みさと:普段そんなに"うわー!"っていうタイプではない方だと思っていたんですけど、20代のその独特のパワーに対しての想いっていうのはこういう風に捉えていたんだなっていう。岡林くんって、楽曲だったりとか、少しノックするともう広大に出てくるタイプの人じゃないですか。だからノックして聴いてみないと彼の頭の中はわからないなと改めて感じた、素晴らしい「全知全能」でした。



金子:根拠のない自信みたいなものは年を重ねるにつれて実際どんどんなくなってはいくけど、でもこの曲を作ったことによって、この曲を歌ったり、ライブでやったりすれば、かつて感じていた全能感がいつでも戻ってくるというか、そんな一曲にもなってるんじゃないかなという気がします。

みさと:彼は素晴らしい武器を手に入れましたよね。続いて、The fin.です。

金子:これはめちゃいいですね。去年の12月に「Swans」という曲を出して、そこから明確に新しいモードに入りましたけど、今回の曲もサックスがひとつの色になっていて、ジャズとかソウルの雰囲気がすごく強まっていて。なんだけど、ミックスはディレイで声を飛ばしたり、かなりサイケデリックなものになっていて、後半になるとモノローグが出てきたり、かなりいろんな要素が一曲の中に詰め込まれていて、めっちゃよかったですね。



みさと:だからこそなのか、よりライブ的な楽曲に聴こえました。
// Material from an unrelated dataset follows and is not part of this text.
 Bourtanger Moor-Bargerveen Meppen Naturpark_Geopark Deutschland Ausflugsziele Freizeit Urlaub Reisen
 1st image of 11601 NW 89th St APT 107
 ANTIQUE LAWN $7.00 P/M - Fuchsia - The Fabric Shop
声の重ね方、ディレイ、インストパート多め、サックス、ピアノの生音とか。前もお話ししたと思うんですけど、今のThe fin.は深海から浮上したように私は捉えているんですけど。ライブに行くとYutoくんの明るさとか、そういったものにギャップを感じていて、それが魅力の一つでもあったんですけど、「Swans」以降、Yutoくんのもともとの明るさとか温かさとか、そういったものが楽曲にどんどん表れてきたなという感じがあって 今回もすごく温かさいうか明るさというか、色とりどりな景色が見えるいい曲になっていました。では、そんなPart-2からどうしましょう?

金子Shōtaro Aoyamaの新曲を紹介しようと思います。

みさと:今回EPのリリースということで、おめでとうございます!

金子:これまでもどんぐりずとのコラボだったり、元yonawoの荒谷くんとのコラボだったりをご紹介してきましたけど、それらの曲も含めたEPになっていて。

みさと:めちゃめちゃかっこいい。

金子:よかったですね。そういうコラボがたくさん入っているのはこの『SOCIAL CLUB』というタイトルにも表れていて。もともとShōtaro Aoyamaさんがパリに住んでいた頃によく遊びに行ってたクラブの名前だと。
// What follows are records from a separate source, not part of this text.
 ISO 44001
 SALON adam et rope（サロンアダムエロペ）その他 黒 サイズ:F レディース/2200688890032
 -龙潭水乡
みさと:私、このクラブ本当にずっと行きたくて、でももう閉店しちゃってるんですよね。すごくイケてる、カウンターにも美男美女のスタッフさんがいて、みたいな。旅行に行くと若い子たちがみんなそこに遊びに行くみたいな。東京で言うと、渋谷のイケてるクラブみたいな、そういう印象があるところなので、ここが行きつけだったなんて、おしゃれですね。

金子:そこがコミュニティのような感じになっていて、そこにクリエイターたちが集まるその雰囲気を作品として形にしていると。今回紹介する曲に関しては、以前もコラボしたことがあるNAGAN SERVER、さらにはまだ20歳のボーカリストYunoaさんをフィーチャーしていて。

みさと:Yunoaさんすごくいいですね。

金子:さらにはキーボードとベースをSuchmosのメンバーであり、今は賽(SAI)をやっているTAIHEIくんが担当しているということで。このアシットジャズ風味な曲調は、まさにSuchmosとも通じるものがあるし、TAIHEIくんはSuchmosのメンバーの中でも特にテクノとかハウスが好きなメンバーの一人で。それは今やっている賽(SAI)にも表れているから、彼がこういうダンスミュージックに参加しているというのはすごく納得で、めちゃめちゃかっこいい仕上がりでした。
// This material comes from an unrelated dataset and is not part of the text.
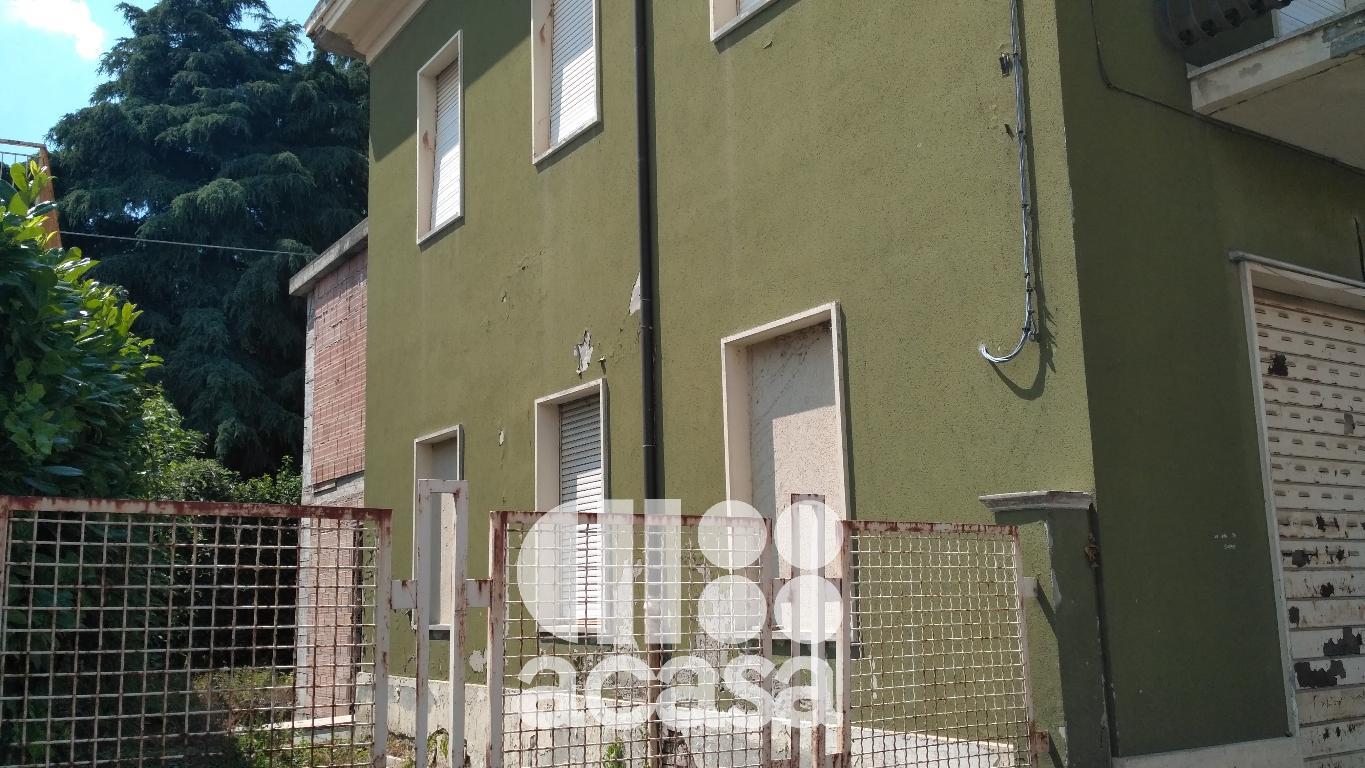 Villa Unifamiliare - Indipendente CESENA vendita    ACASA Srl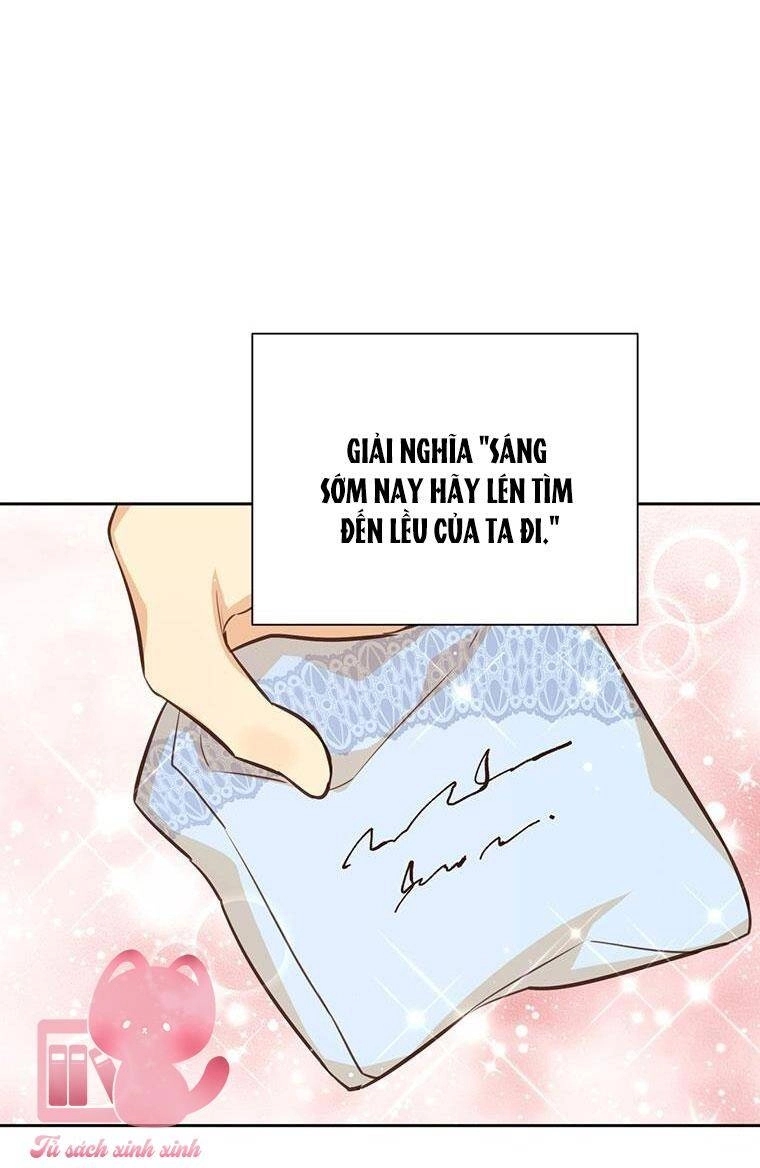 Yêu Tôi Đi, Dù Sao Ngài Cũng Chỉ Là Nhân Vật Phụ Chapter 90 - 40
みさと:賽(SAI)でNAGAN SERVERくんと一緒にやったりもしているので、横のつながりがこうやってコミュニティを作るというEPにもぴったりだなっていうところも感じるし、世の中に認知されている方から若手まで起用しているということと、彼ら彼女らの得意技がしっかりアウトプットできる曲であることと、視点を変えればShōtaro Aoyamaさんが作る楽曲に振り落とされないアーティストさんたちであるということも含めて、『SOCIAL CLUB』の凝縮されたこの1枚ができて、この輪はどんどん広がり続けるんだろうなという予感もさせる、とってもワクワクする1枚になっています。

金子:それこそShōtaro さんはNFにも関わっているわけで、人が集まってくるコミュニティ感というのは、音楽のとっても素敵なところの一つですよね。



New Release Digest Part 3


みさと:お送りしたのは新譜ダイジェストPart-3でした。リリースおめでとうございます。さあ、井上杜和さんアルバムです。

金子:今週FLANKREのリリースもありますけど、このアルバムにはFLANKREこと茅根さんもキーボードで参加していたり、あとゲストにGateballersの濱野夏椰くん、kiss the gamblerのかなふぁんさんとか、わりとFRIENDSHIP.周りの人たちがたくさん参加していて、そういうところも馴染みがあっていいですし、彼の作品には"奇天烈日記ポップス"というキャッチコピーがあって、まさに日記的な、日常的な題材が歌われているのも面白くて。今回の「何が出るかな?」という曲に関しては、トレーディングカードのゲームがモチーフになっていて、"欲張ると手に入らなかったりするけど、何気ないときに大切なものをすでに自分が持っていることに気づいたりする"みたいな、ちょっとした人生訓が各曲に込められている、その感じも面白いなと思います。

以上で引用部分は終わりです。